PROBLEM DESCRIPTION:
Please retype the entries exactly as they stand, leaving out any pictures.

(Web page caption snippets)
^^^^^^^^
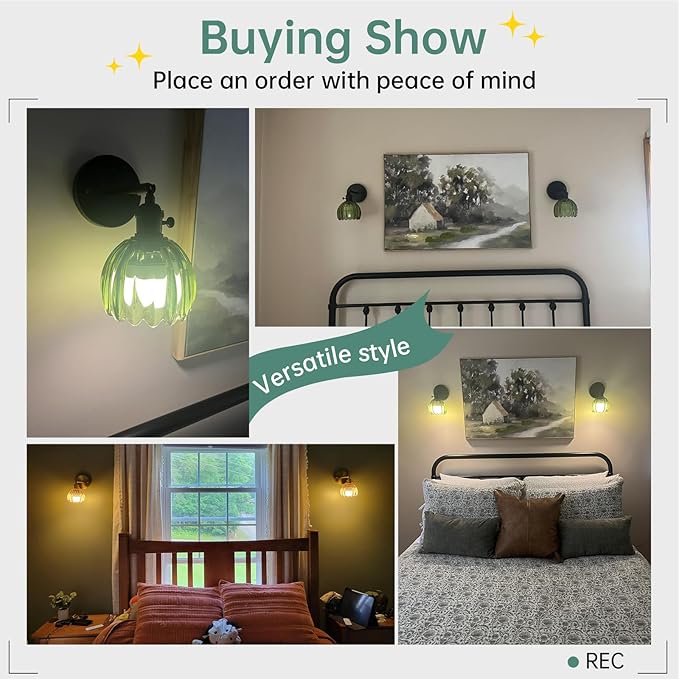 Shenmoyl Vintage Battery Operated Wall Sconce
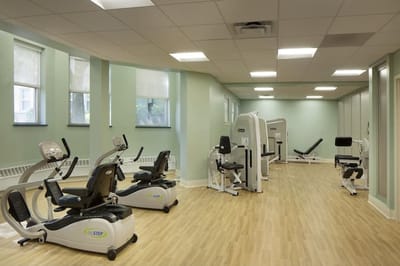 Interior view of a fitness area with exercise equipment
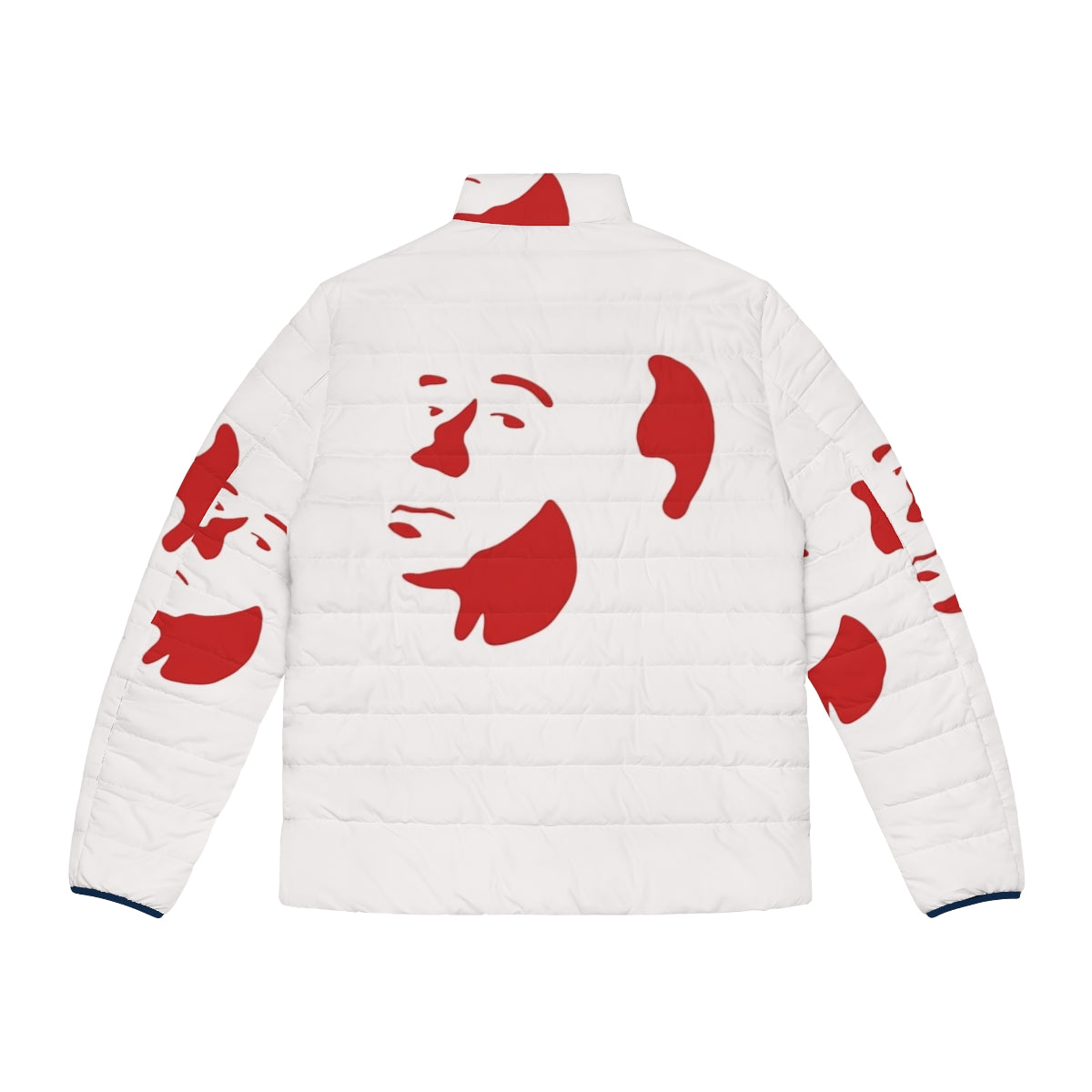 Alfred Hitchcock fan art puffer jacket featuring the famous filmmaker - Back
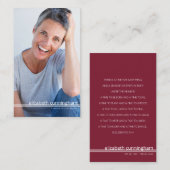 Carte De Visite Pour toujours dans nos coeurs Photo Funeral Card (Devant / Derrière)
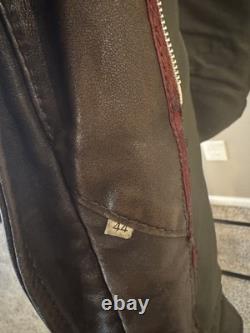 Mens Vintage 1970's Leather Jacket Motorcyle Cafe Racer Talon Zipper Size Large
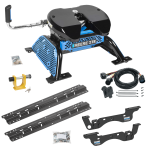 For 2023-2024 Ford F-350 Super Duty Custom Outboard Above Bed Rail Kit + Reese M5 27K Fifth Wheel + In-Bed Wiring + King Pin Lock (For 5'8 or Shorter Bed (Sidewinder Required), Except Cab & Chassis, w/o Factory Puck System Models) By Reese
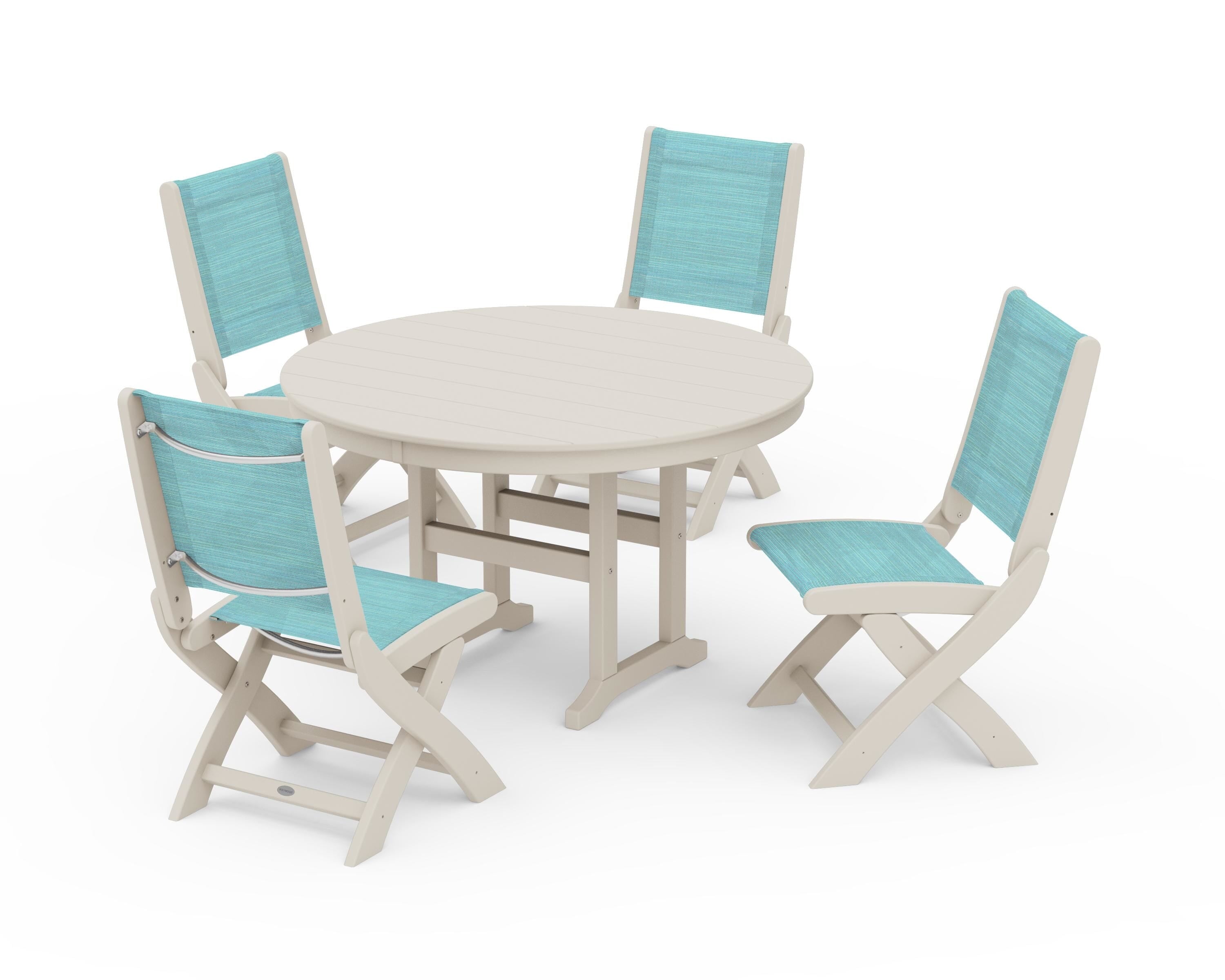 POLYWOOD® Coastal Folding Side Chair 5-Piece Round Dining Set in Sand / Dupioni Aquamarine Sling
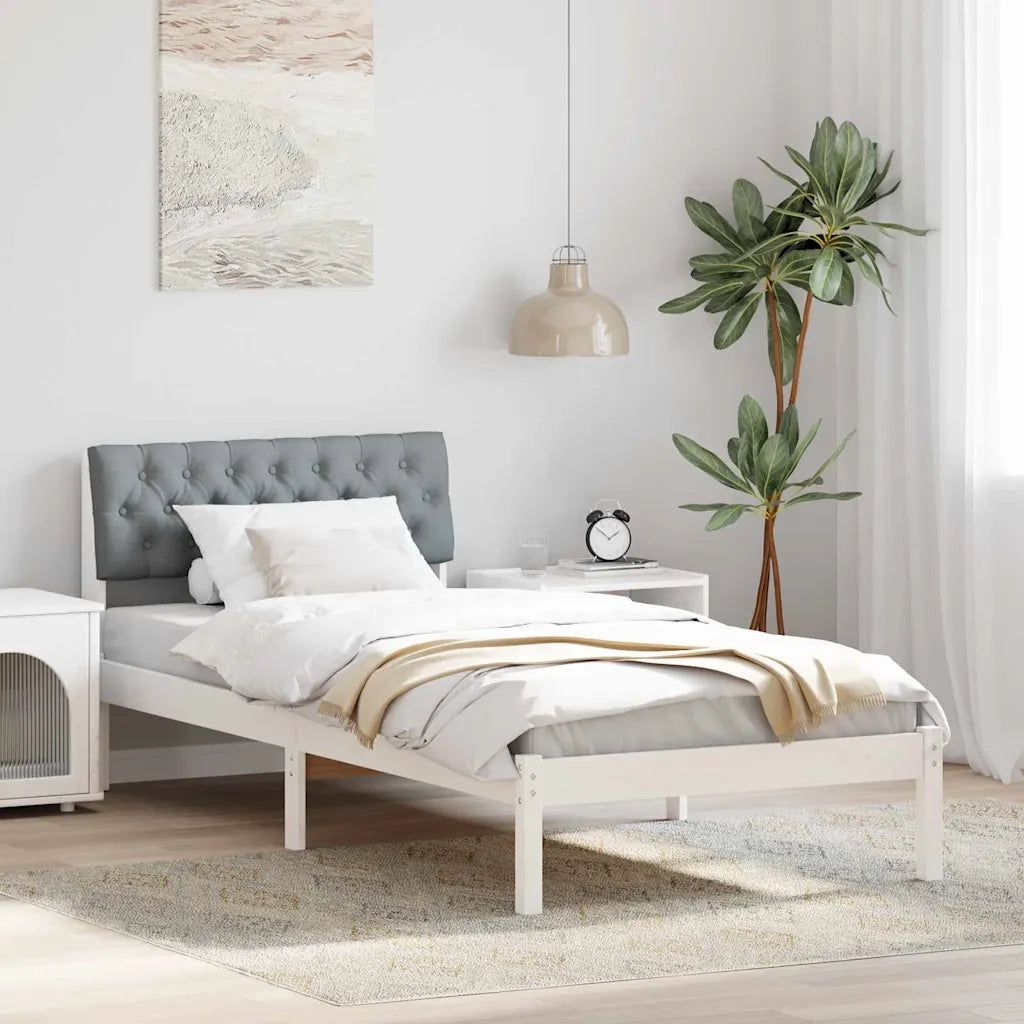 Struttura del Letto Bianco e grigio chiaro 90 x 200 cm
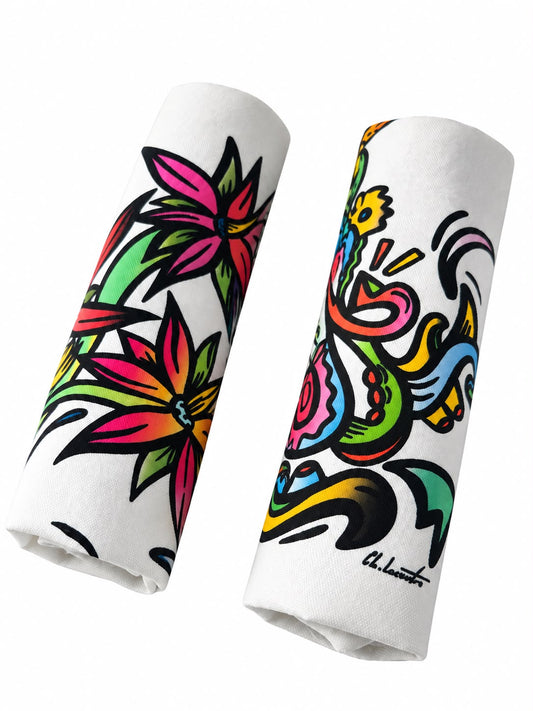 Coffret 2 serviettes de table "Crustacés" et "Fleurs" en collab avec Christopher Lecoutre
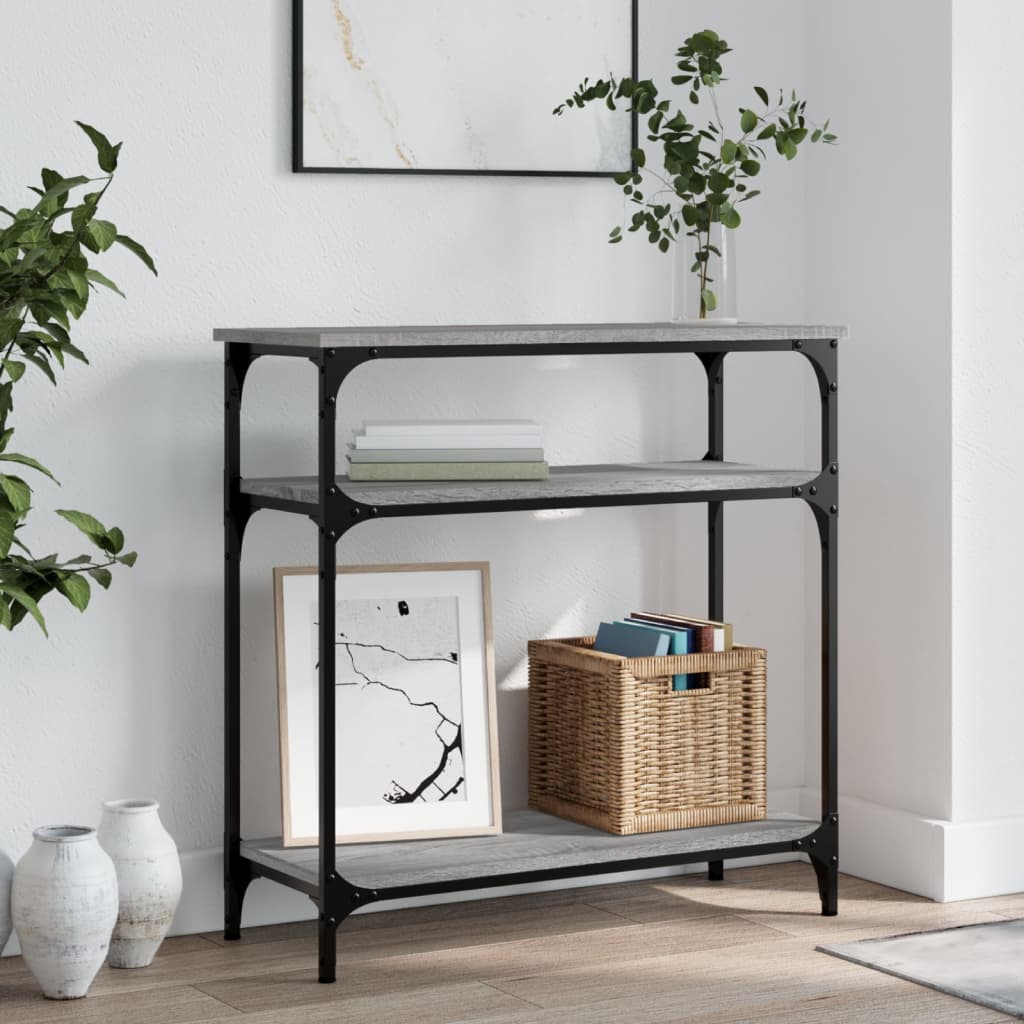 vidaXL Konzolový stolík sivý sonoma 75x29x75 cm kompozitné drevo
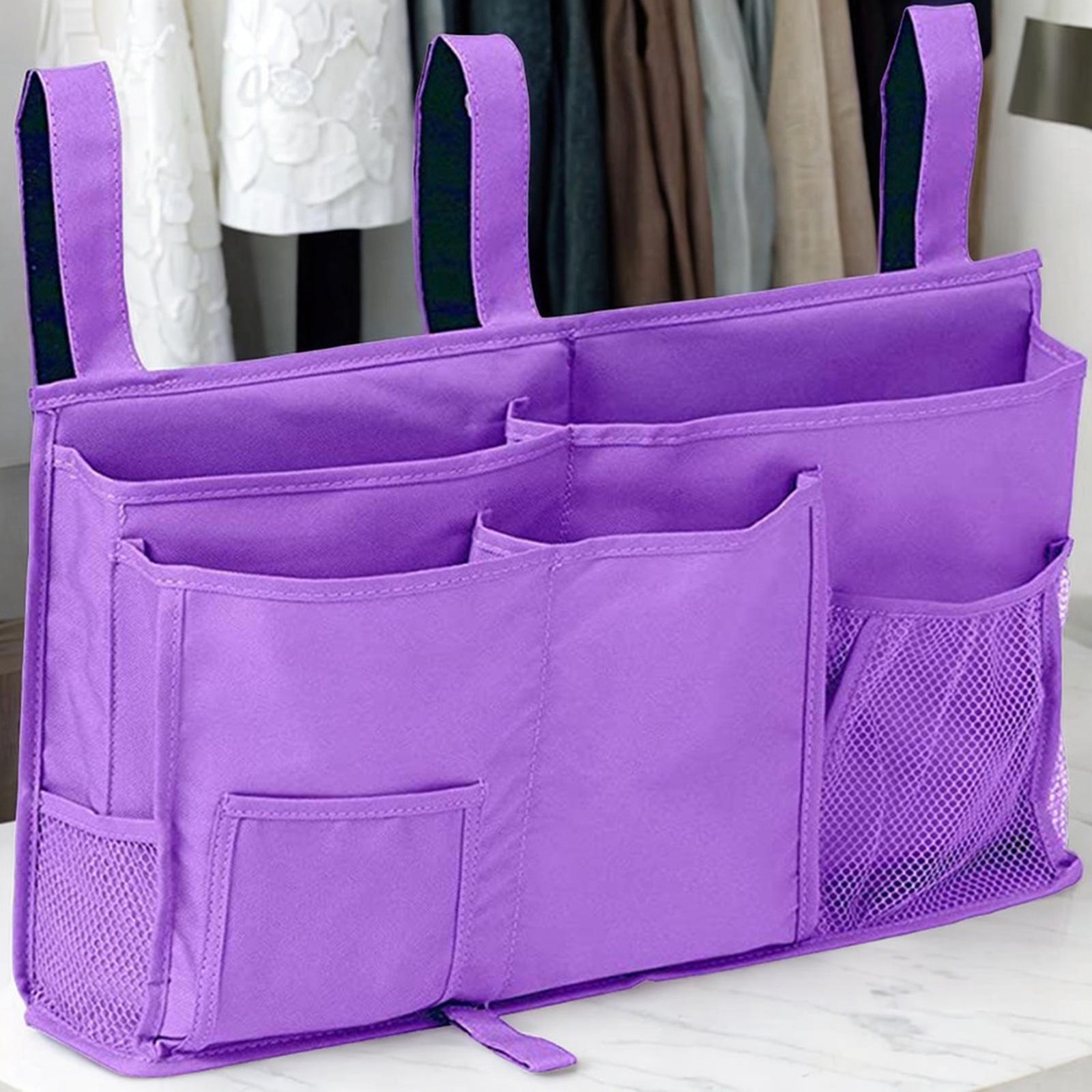 Hanging Bed Organizer Bed Rail Storage Bag for College Dorm Bed Bedroom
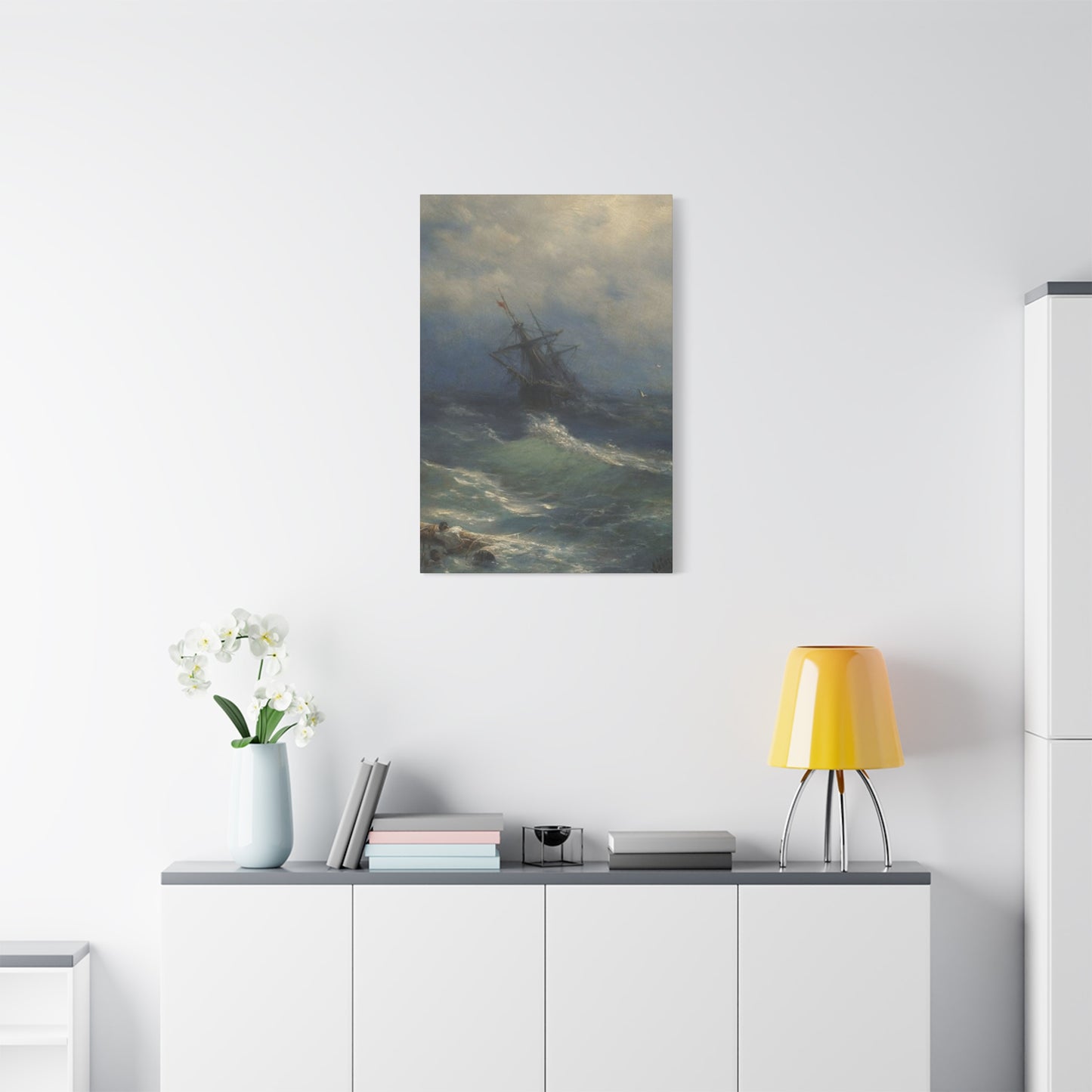 Black Sailing Ship At Waves Wall Art & Canvas Prints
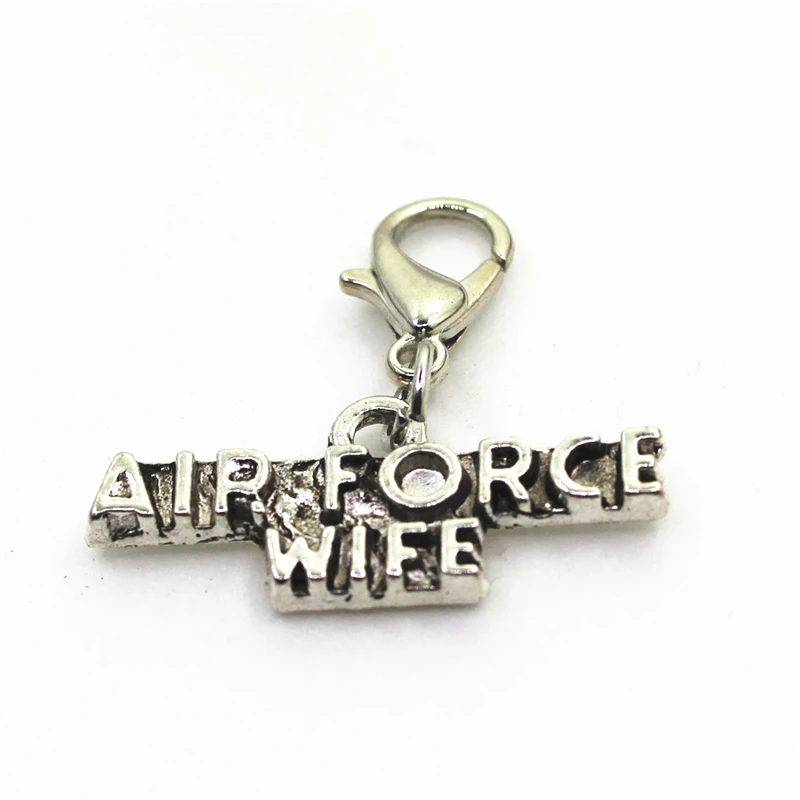 Hot Selling 50pcs Silver Airforce wife charms lobster clasp dangle DIY bracelet&ampbangle hanging jewelry accessory | Украшения и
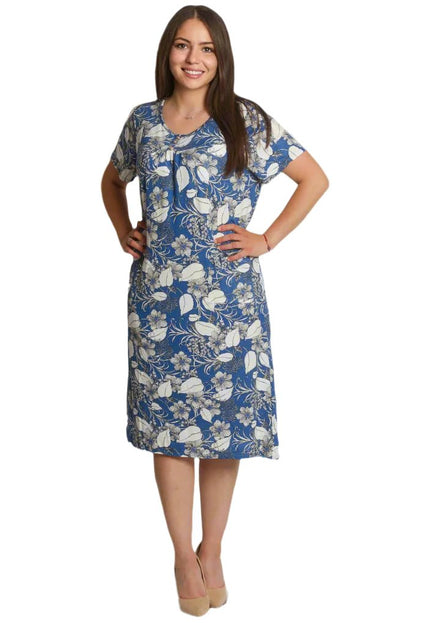 Права рокля с джобчета и цветен десен в синьо - Maxi Market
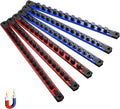 ALOANES 6-Piece Magnetic Socket Organizer, Heavy Duty Aluminum Socket Rails Organizer, 360° Swivel Clips Socket Holder Kit for Tool Box, 1/2, 3/8, 1/4-Inch Socket Holder x 80 Clips (Red&Blue)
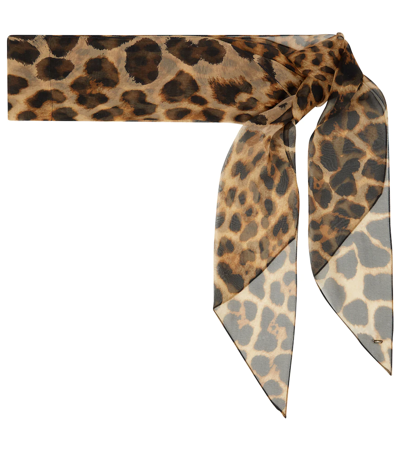 Shop Saint Laurent Leopard-print Silk Chiffon Scarf In Light Brown/black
^^^^^^^^
EXPECTED ANSWER:
 Shenmoyl Vintage Battery Operated Wall Sconce
 Interior view of a fitness area with exercise equipment
 Alfred Hitchcock fan art puffer jacket featuring the famous filmmaker - Back
 Carte De Visite Pour toujours dans nos coeurs Photo Funeral Card (Devant / Derrière)
 Mens Vintage 1970's Leather Jacket Motorcyle Cafe Racer Talon Zipper Size Large
 For 2023-2024 Ford F-350 Super Duty Custom Outboard Above Bed Rail Kit + Reese M5 27K Fifth Wheel + In-Bed Wiring + King Pin Lock (For 5'8 or Shorter Bed (Sidewinder Required), Except Cab & Chassis, w/o Factory Puck System Models) By Reese
 POLYWOOD® Coastal Folding Side Chair 5-Piece Round Dining Set in Sand / Dupioni Aquamarine Sling
 Struttura del Letto Bianco e grigio chiaro 90 x 200 cm
 Coffret 2 serviettes de table "Crustacés" et "Fleurs" en collab avec Christopher Lecoutre
 vidaXL Konzolový stolík sivý sonoma 75x29x75 cm kompozitné drevo
 Hanging Bed Organizer Bed Rail Storage Bag for College Dorm Bed Bedroom
 Black Sailing Ship At Waves Wall Art & Canvas Prints
 Hot Selling 50pcs Silver Airforce wife charms lobster clasp dangle DIY bracelet&ampbangle hanging jewelry accessory | Украшения и
 Права рокля с джобчета и цветен десен в синьо - Maxi Market
 ALOANES 6-Piece Magnetic Socket Organizer, Heavy Duty Aluminum Socket Rails Organizer, 360° Swivel Clips Socket Holder Kit for Tool Box, 1/2, 3/8, 1/4-Inch Socket Holder x 80 Clips (Red&Blue)
 Shop Saint Laurent Leopard-print Silk Chiffon Scarf In Light Brown/black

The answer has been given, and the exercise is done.